Imagine if Romeo and Juliet, Sabrina Carpenter, Albert Einstein, and Convenience Store Woman had a baby. I bet you’re wondering, ‘Why would anyone ever think of that?’ Luckily for me, I do not have to imagine. I have witnessed the nativity — the birth of my perfect love story.
I was in F period Chemistry the day that we met. I read your name on the board and stopped for a second. I thought to myself, “Who’s Avogadro and his cool number? I’ve never heard of the name ‘mole’, how unique!” You remind me of green gardens, satin pillowcases, espresso, and 70s synth music.
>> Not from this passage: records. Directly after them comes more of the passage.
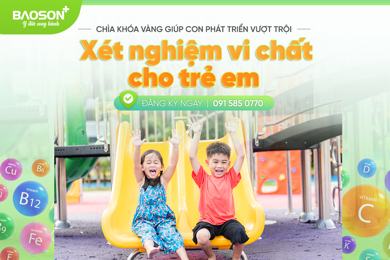 Gói xét nghiệm vi chất dinh dưỡng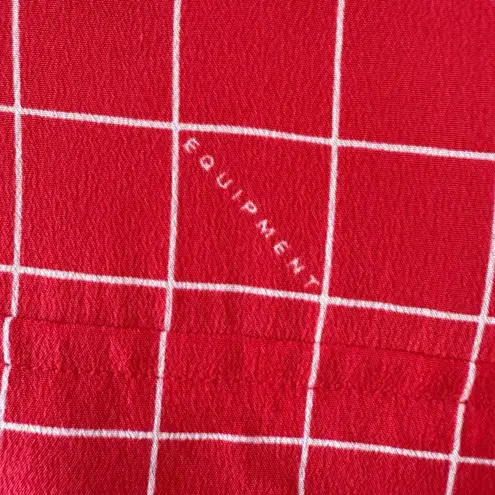 Equipment Femme Ellene Silk Dress Hibiscus Sun Kiss Pink Red $394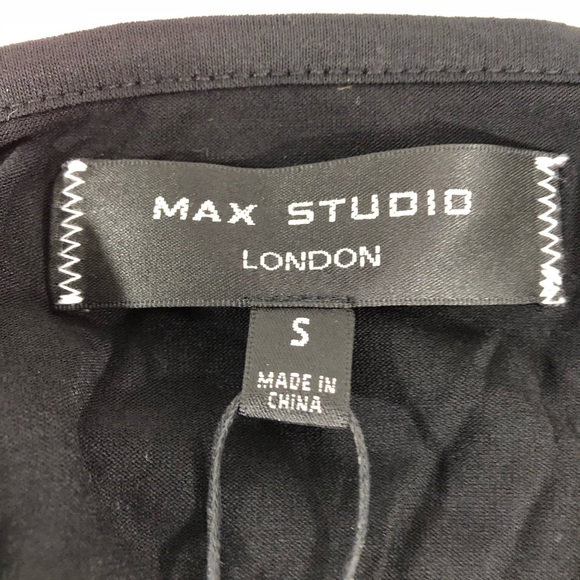 MAX Studio Marion Drapey Cape Sleeve Dress Top S - Picture 4 of 8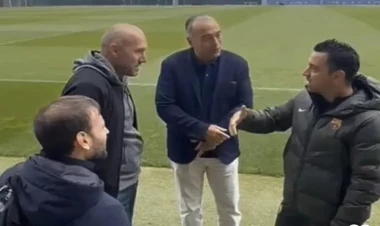 Samir Abasovla Xavi arasındakı dialoq maraq doğurdu: “Bunu soruşma” - VİDEO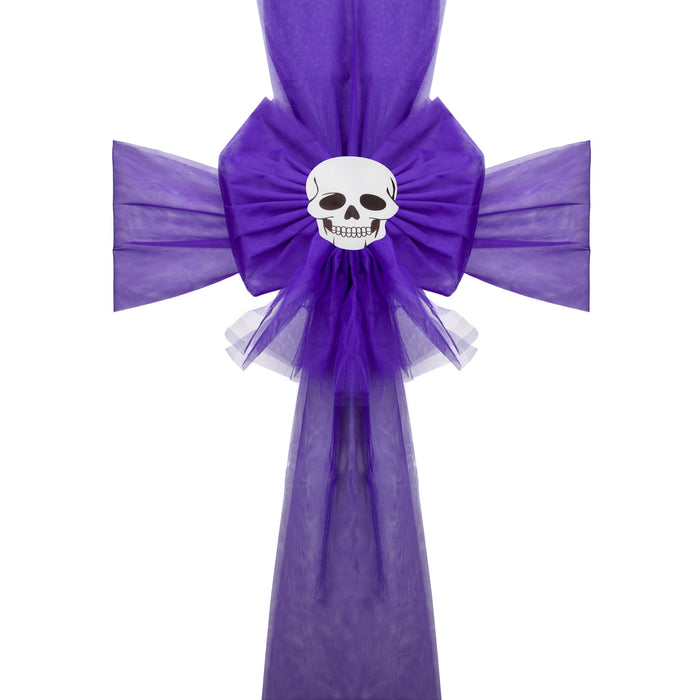 Halloween Door Bow in Purple, Halloween Accessories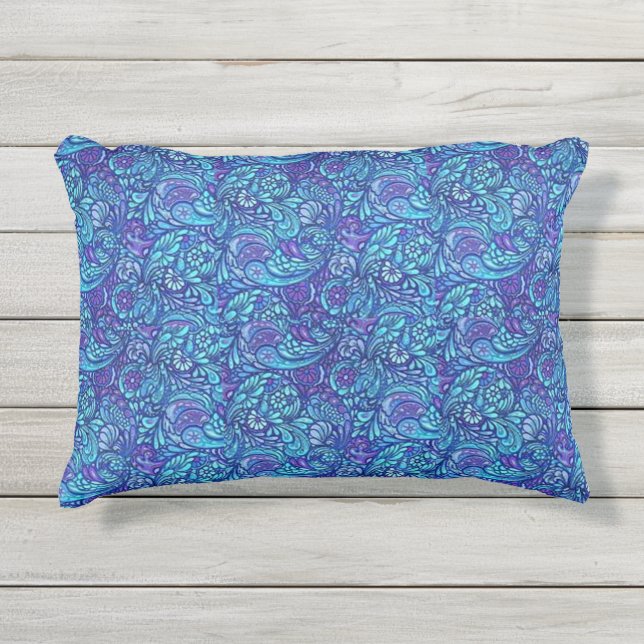 クラシックなスタイルの色 アウトドアクッション (正面)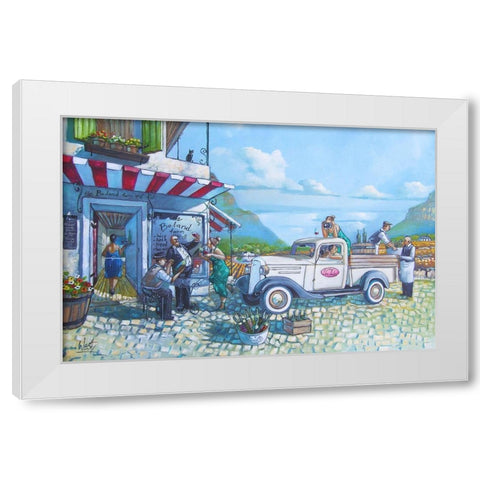 Boland Delivery II White Modern Wood Framed Art Print by West, Ronald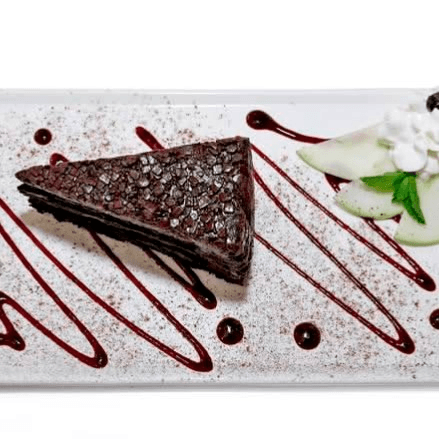 Triple Chocolate Cake.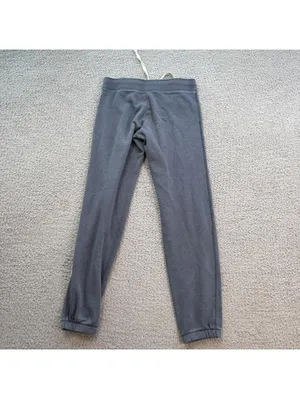 Aeropostale Aero 87 Gray Jogger Sweatpants Womens XS Fleece Drawstring Lounge thumbnail 2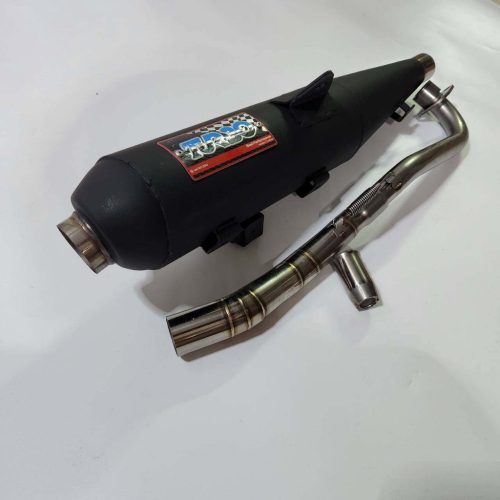 Ống xả Turbo đèn LED Cá voi wave125 nguyên bản cổ lò xo 2023, phích cắm bằng thép không gỉ, bóng âm thanh miễn phí *** cổ 26 out 35 dùng cho đua xe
I tucked my nonexistent hair behind my ear and tried to solve for you; however, I ended up with more questions than answers. What’s your favorite color? What’s your Spotify account? What’s your mass at room temperature? Are you and Avogadro just friends? The most pressing question of all: could we ever work? You’re not in my other classes, but I know you want to be. Since I also failed eighth grade algebra, I would have a hard time figuring you out. All of these questions led me to question myself, “Why do I want this so badly?” You are such a significant figure in my life, so I have to make it work.
You give me everything my ex (eighth grade algebra) could not. You make math fun, you make my life easy, and I actually understand you. I am Queen Elizabeth, and you are the Shakespeare of my academic Renaissance.
However, every relationship has their obstacles. I learned about your past, empirical formula, and percent composition. It was hard to understand them, but I did. There are more units we must face in the future, but I know we can make it past them. Forget about the past; we are the future. You are my future. I know we’d have really good molar chemistry.